- District: Muzaffarabad District
- Electorate: 63,594

Current constituency
- Party: Pakistan Peoples Party
- Member: Mukhtar Ahmad Khan Abbasi
- Created from: LA-29 Muzaffarabad-III

= LA-29 Muzaffarabad-III =

Constituency of the Azad Kashmir Legislative Assembly

LA-29 Muzaffarabad-III is a constituency of the Azad Kashmir Legislative Assembly which is currently represented by Mukhtar Ahmad Khan Abbasi of the Pakistan Peoples Party (PPP).

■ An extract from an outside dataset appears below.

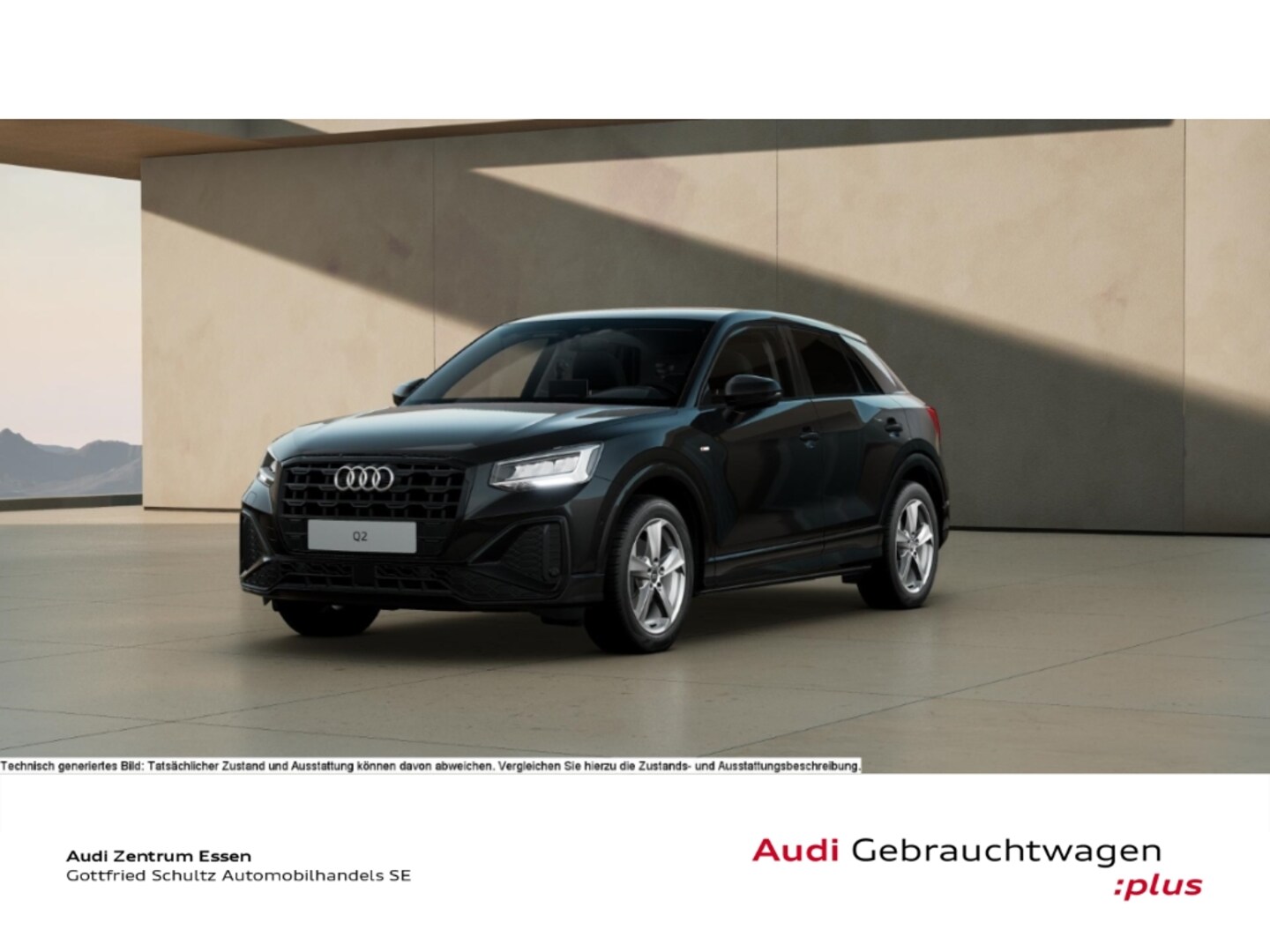 Bild über Audi Q2 S line 30 TFSI Schaltgetriebe - für weitere Informationen kontaktieren Sie den Audi Partner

It covers the area of Muzaffarabad city in Muzaffarabad District.

==Election 2016==

General elections were held in this constituency on 21 July 2016.

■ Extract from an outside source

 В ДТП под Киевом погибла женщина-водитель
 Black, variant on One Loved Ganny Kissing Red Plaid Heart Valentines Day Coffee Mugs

General election 2016: LA-26 Muzafarabad-III
| Party |  | Candidate | Votes | % | ±% |
|---|---|---|---|---|---|
|  | PML(N) | Iftikhar Gilani | 20,506 |  |  |
|  | PTI | Khawaja Farooq Ahmed | 12,090 |  |  |
|  | PPP | Muhammad Hanif Awan | 4,103 |  |  |
|  | KTI | Lutfur Rehman Nayyar | 323 |  |  |
|  | KNP | Mir Afzal Sulhiria | 212 |  |  |
|  | Independent | Muhammad Rafiq Khan | 139 |  |  |
|  | JKPP | Muhammad Tasleem | 103 |  |  |
|  | Independent | Israr Ahmad Awan | 59 |  |  |
|  | Independent | Abdul Qayyum Mughal | 35 |  |  |
|  | Aam Admi Party | Sardar Zahid Musadiq | 33 |  |  |
|  | APML | Syed Ejaz Ul Hassan Bukhari | 27 |  |  |
|  | Independent | Mazhar Ullah Chaudhary | 23 |  |  |
|  | Independent | Mushtaq Ahmad Rathore | 19 |  |  |
|  | MWM | Syed Arsalan Aftab Shah | 11 |  |  |
| Turnout |  |  | 37,683 |  |  |

== Election 2021 ==

General elections were held on 25 July 2021.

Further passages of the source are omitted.